▶ _What is required_
Set the records down again. Match every line exactly.

Items from a data source:

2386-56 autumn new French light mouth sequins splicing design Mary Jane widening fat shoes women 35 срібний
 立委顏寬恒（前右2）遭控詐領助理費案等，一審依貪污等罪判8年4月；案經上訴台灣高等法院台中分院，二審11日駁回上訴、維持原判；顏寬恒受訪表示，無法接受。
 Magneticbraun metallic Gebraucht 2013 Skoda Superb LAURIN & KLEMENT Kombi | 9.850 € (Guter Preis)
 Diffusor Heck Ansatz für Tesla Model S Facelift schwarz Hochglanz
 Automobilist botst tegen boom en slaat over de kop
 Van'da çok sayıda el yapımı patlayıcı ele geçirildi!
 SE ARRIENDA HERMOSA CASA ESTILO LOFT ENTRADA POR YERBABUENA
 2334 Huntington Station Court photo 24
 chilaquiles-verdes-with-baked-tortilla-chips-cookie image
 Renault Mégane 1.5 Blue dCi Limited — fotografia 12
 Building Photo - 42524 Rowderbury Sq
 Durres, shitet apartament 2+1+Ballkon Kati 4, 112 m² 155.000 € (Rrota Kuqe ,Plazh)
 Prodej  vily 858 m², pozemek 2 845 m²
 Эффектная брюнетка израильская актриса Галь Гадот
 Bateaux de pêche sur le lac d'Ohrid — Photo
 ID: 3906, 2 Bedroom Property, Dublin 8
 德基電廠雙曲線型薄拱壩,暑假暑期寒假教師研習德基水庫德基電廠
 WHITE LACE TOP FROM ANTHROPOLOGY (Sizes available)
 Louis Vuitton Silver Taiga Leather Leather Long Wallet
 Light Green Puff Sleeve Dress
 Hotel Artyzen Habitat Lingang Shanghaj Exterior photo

▶ _The completed task_
2386-56 autumn new French light mouth sequins splicing design Mary Jane widening fat shoes women 35 срібний
 立委顏寬恒（前右2）遭控詐領助理費案等，一審依貪污等罪判8年4月；案經上訴台灣高等法院台中分院，二審11日駁回上訴、維持原判；顏寬恒受訪表示，無法接受。
 Magneticbraun metallic Gebraucht 2013 Skoda Superb LAURIN & KLEMENT Kombi | 9.850 € (Guter Preis)
 Diffusor Heck Ansatz für Tesla Model S Facelift schwarz Hochglanz
 Automobilist botst tegen boom en slaat over de kop
 Van'da çok sayıda el yapımı patlayıcı ele geçirildi!
 SE ARRIENDA HERMOSA CASA ESTILO LOFT ENTRADA POR YERBABUENA
 2334 Huntington Station Court photo 24
 chilaquiles-verdes-with-baked-tortilla-chips-cookie image
 Renault Mégane 1.5 Blue dCi Limited — fotografia 12
 Building Photo - 42524 Rowderbury Sq
 Durres, shitet apartament 2+1+Ballkon Kati 4, 112 m² 155.000 € (Rrota Kuqe ,Plazh)
 Prodej  vily 858 m², pozemek 2 845 m²
 Эффектная брюнетка израильская актриса Галь Гадот
 Bateaux de pêche sur le lac d'Ohrid — Photo
 ID: 3906, 2 Bedroom Property, Dublin 8
 德基電廠雙曲線型薄拱壩,暑假暑期寒假教師研習德基水庫德基電廠
 WHITE LACE TOP FROM ANTHROPOLOGY (Sizes available)
 Louis Vuitton Silver Taiga Leather Leather Long Wallet
 Light Green Puff Sleeve Dress
 Hotel Artyzen Habitat Lingang Shanghaj Exterior photo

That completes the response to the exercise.